§ WORK TO BE COMPLETED:
From the records below, please print only the lines from the one containing "Old wall for" through the one containing "Reflection of photographer", both included. Skip the pictures.

§ WORKING DATA:
• • • • •

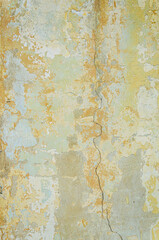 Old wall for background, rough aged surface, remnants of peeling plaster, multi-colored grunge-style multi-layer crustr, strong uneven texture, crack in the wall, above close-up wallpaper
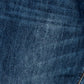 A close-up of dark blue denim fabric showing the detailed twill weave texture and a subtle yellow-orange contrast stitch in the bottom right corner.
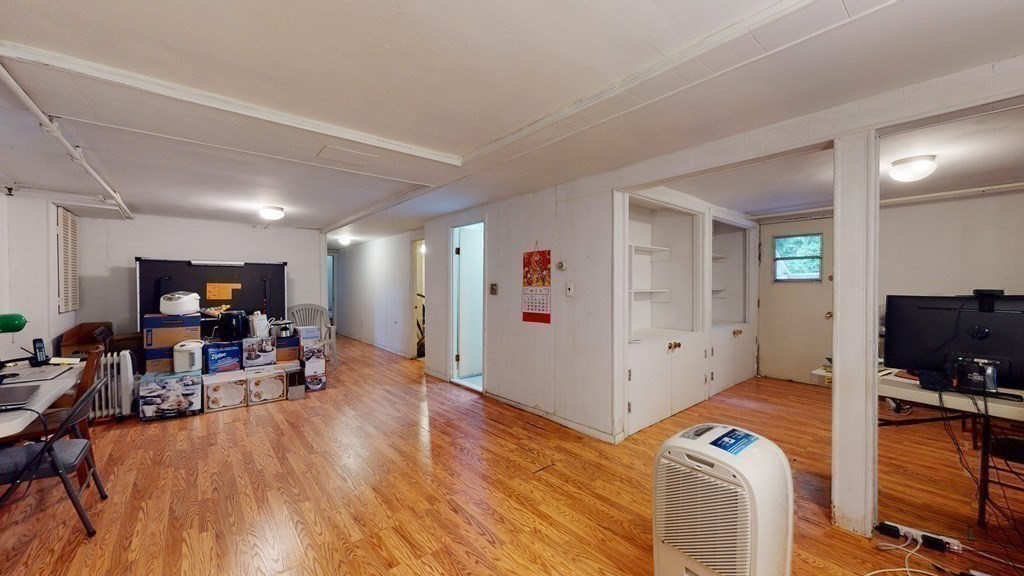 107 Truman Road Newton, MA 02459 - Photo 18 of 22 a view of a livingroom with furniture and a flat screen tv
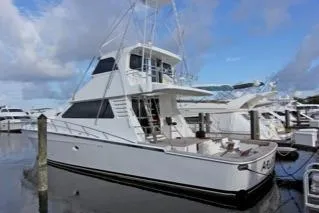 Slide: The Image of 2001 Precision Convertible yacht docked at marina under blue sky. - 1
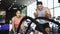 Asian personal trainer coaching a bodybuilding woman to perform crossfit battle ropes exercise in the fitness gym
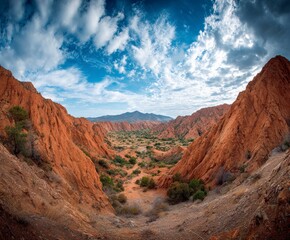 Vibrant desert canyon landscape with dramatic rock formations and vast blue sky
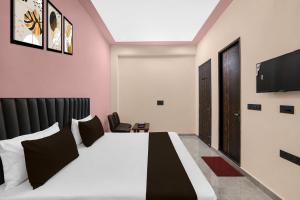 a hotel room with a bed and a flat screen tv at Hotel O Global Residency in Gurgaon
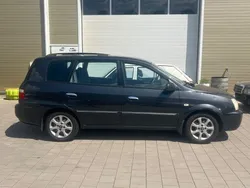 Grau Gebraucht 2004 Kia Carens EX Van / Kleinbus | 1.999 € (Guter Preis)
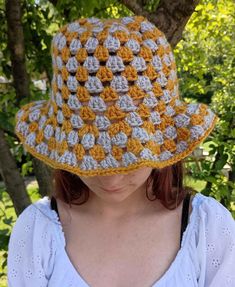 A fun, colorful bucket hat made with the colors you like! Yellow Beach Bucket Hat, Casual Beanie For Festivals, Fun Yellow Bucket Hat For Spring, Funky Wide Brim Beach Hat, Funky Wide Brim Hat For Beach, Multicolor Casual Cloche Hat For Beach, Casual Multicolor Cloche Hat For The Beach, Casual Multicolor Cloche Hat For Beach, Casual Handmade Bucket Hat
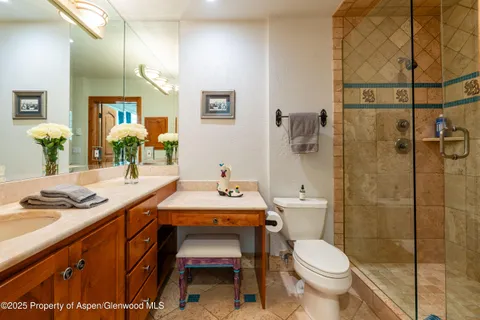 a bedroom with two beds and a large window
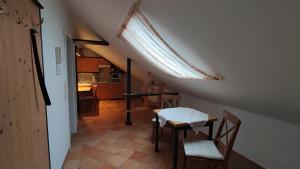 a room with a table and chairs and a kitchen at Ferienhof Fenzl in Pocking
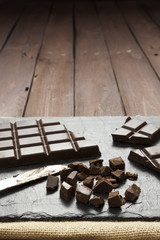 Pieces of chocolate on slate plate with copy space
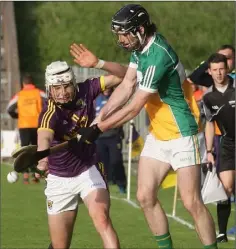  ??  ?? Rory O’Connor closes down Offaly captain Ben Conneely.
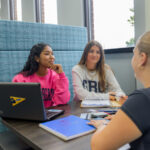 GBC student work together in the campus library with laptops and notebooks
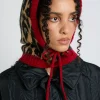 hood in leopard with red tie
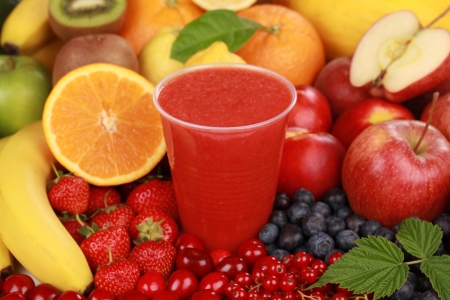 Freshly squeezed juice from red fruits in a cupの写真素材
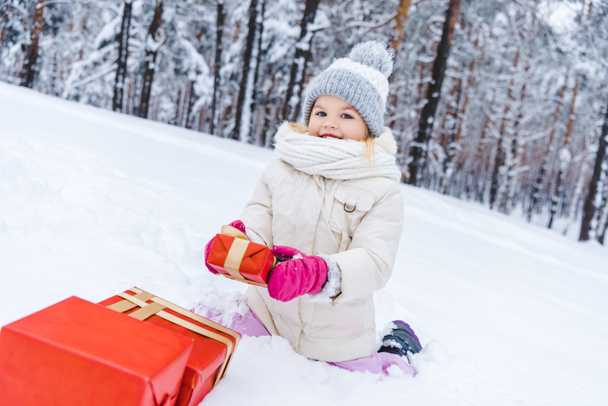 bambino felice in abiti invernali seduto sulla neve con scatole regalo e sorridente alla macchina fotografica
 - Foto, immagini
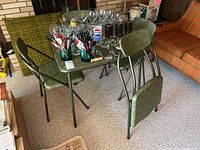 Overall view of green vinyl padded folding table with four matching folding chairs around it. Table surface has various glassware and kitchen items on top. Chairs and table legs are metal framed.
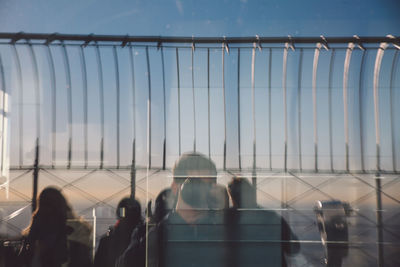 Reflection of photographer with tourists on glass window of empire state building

• • • • •

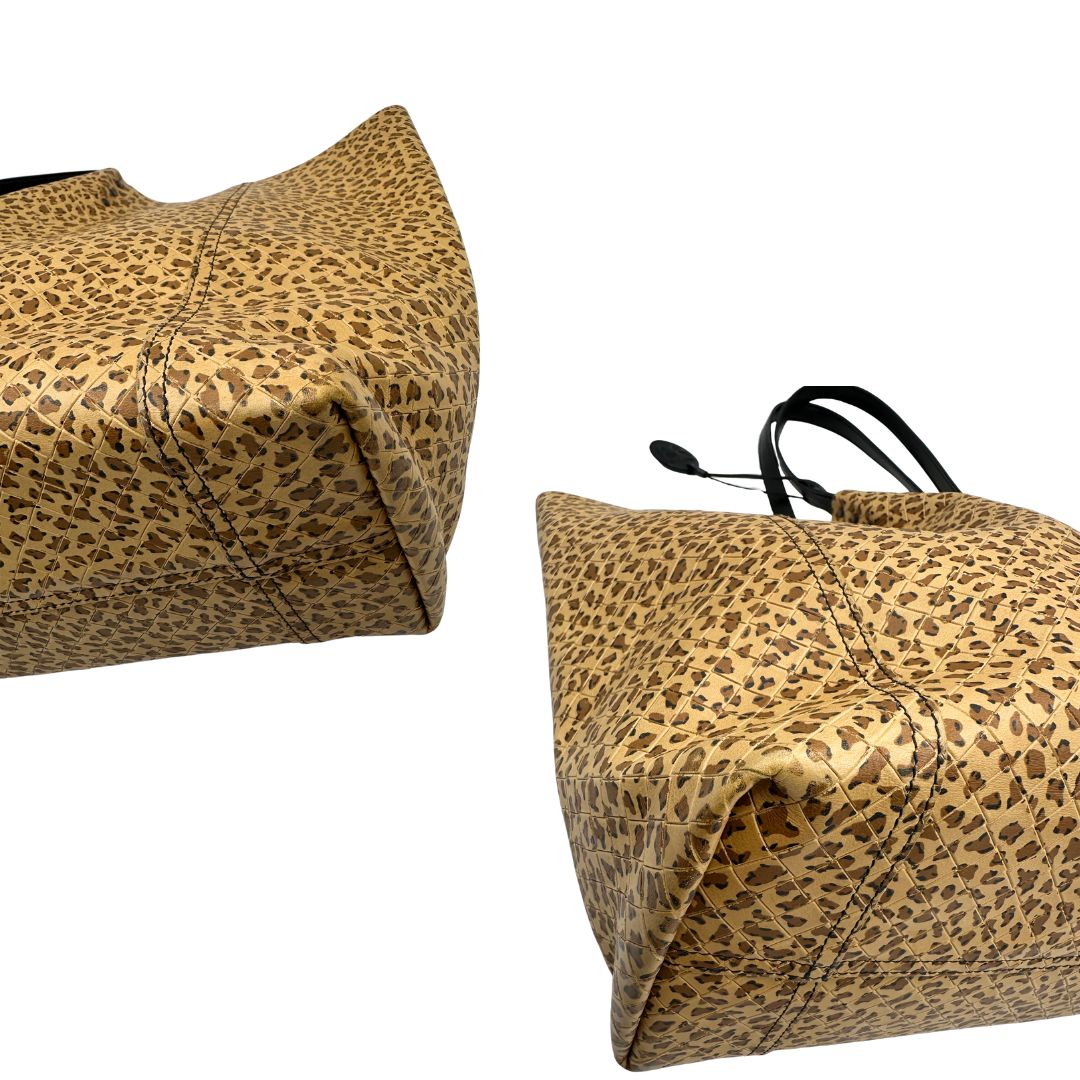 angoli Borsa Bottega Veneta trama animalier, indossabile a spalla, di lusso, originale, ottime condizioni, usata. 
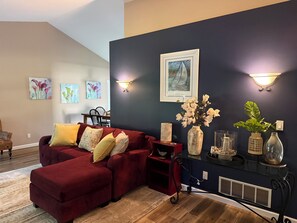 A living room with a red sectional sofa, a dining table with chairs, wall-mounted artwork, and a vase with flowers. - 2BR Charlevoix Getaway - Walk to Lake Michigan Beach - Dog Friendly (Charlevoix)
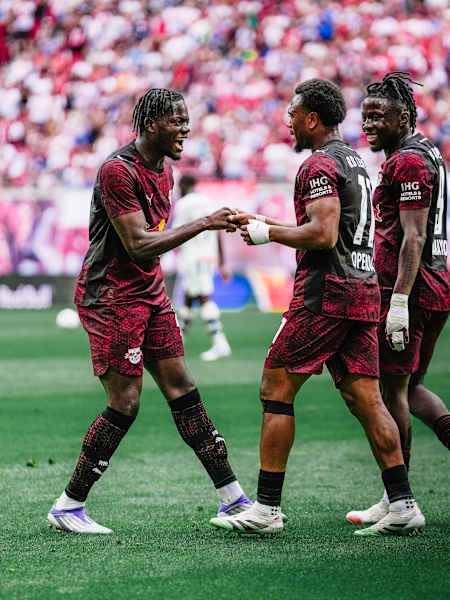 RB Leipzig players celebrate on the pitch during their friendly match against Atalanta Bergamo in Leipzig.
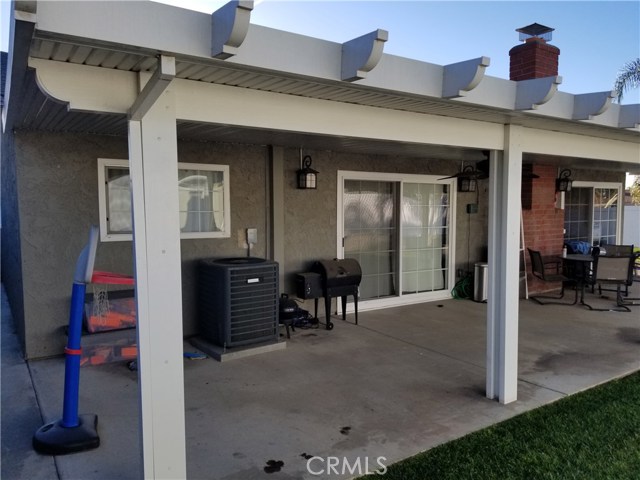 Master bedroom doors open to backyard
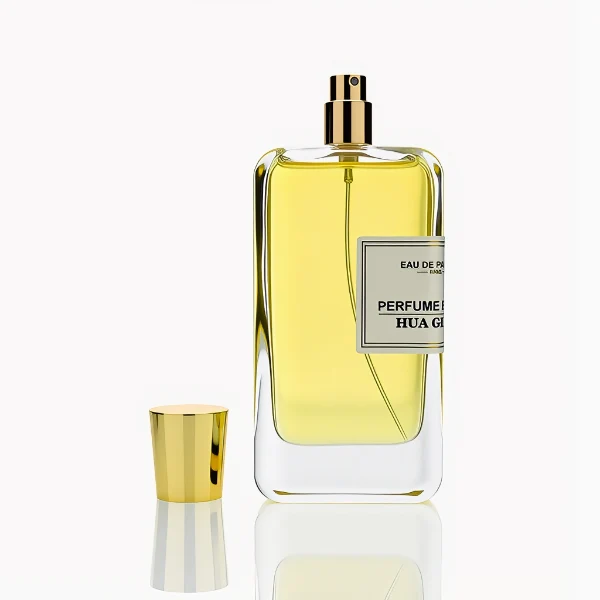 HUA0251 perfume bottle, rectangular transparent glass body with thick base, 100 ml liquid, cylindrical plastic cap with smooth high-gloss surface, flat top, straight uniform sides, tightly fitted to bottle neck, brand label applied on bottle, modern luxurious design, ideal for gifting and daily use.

• • • • •

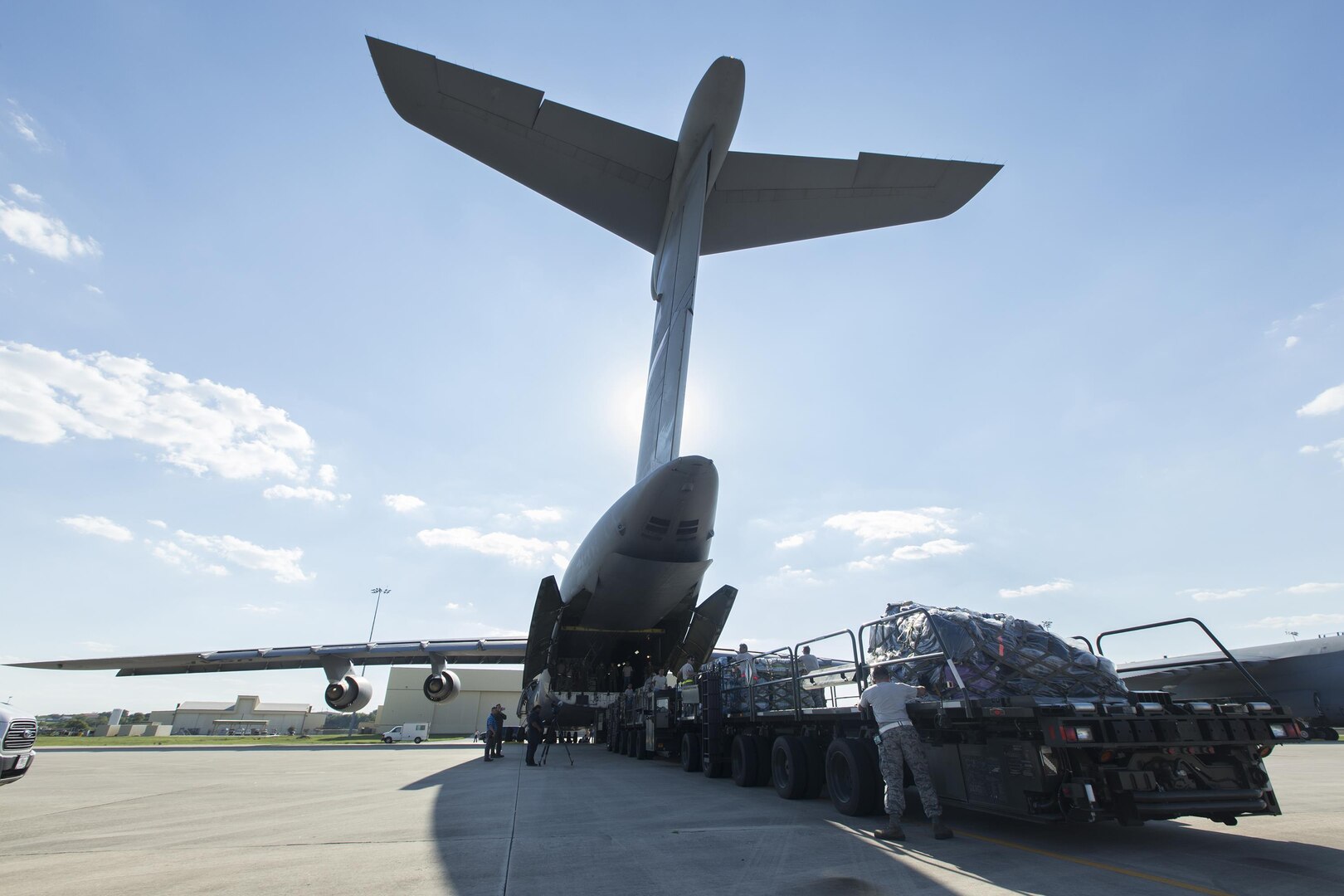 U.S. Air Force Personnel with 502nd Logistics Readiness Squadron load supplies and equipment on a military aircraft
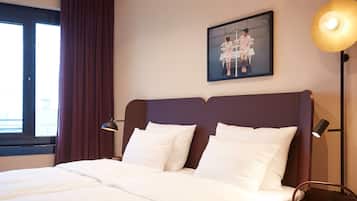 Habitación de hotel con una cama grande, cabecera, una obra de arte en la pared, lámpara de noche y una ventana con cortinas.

• • • • •

§ YOUR RESPONSE:
 Old wall for background, rough aged surface, remnants of peeling plaster, multi-colored grunge-style multi-layer crustr, strong uneven texture, crack in the wall, above close-up wallpaper
 A close-up of dark blue denim fabric showing the detailed twill weave texture and a subtle yellow-orange contrast stitch in the bottom right corner.
 107 Truman Road Newton, MA 02459 - Photo 18 of 22 a view of a livingroom with furniture and a flat screen tv
 Slide: The Image of 2001 Precision Convertible yacht docked at marina under blue sky. - 1
 Asian personal trainer coaching a bodybuilding woman to perform crossfit battle ropes exercise in the fitness gym
 Vibrant desert canyon landscape with dramatic rock formations and vast blue sky
 a hotel room with a bed and a flat screen tv at Hotel O Global Residency in Gurgaon
 Grau Gebraucht 2004 Kia Carens EX Van / Kleinbus | 1.999 € (Guter Preis)
 A fun, colorful bucket hat made with the colors you like! Yellow Beach Bucket Hat, Casual Beanie For Festivals, Fun Yellow Bucket Hat For Spring, Funky Wide Brim Beach Hat, Funky Wide Brim Hat For Beach, Multicolor Casual Cloche Hat For Beach, Casual Multicolor Cloche Hat For The Beach, Casual Multicolor Cloche Hat For Beach, Casual Handmade Bucket Hat
 a bedroom with two beds and a large window
 a room with a table and chairs and a kitchen at Ferienhof Fenzl in Pocking
 Pieces of chocolate on slate plate with copy space
  ??  ?? Rory O’Connor closes down Offaly captain Ben Conneely.
 GBC student work together in the campus library with laptops and notebooks
 hood in leopard with red tie
 Freshly squeezed juice from red fruits in a cupの写真素材
 bambino felice in abiti invernali seduto sulla neve con scatole regalo e sorridente alla macchina fotografica
 - Foto, immagini
 Overall view of green vinyl padded folding table with four matching folding chairs around it. Table surface has various glassware and kitchen items on top. Chairs and table legs are metal framed.
 Reflection of photographer with tourists on glass window of empire state building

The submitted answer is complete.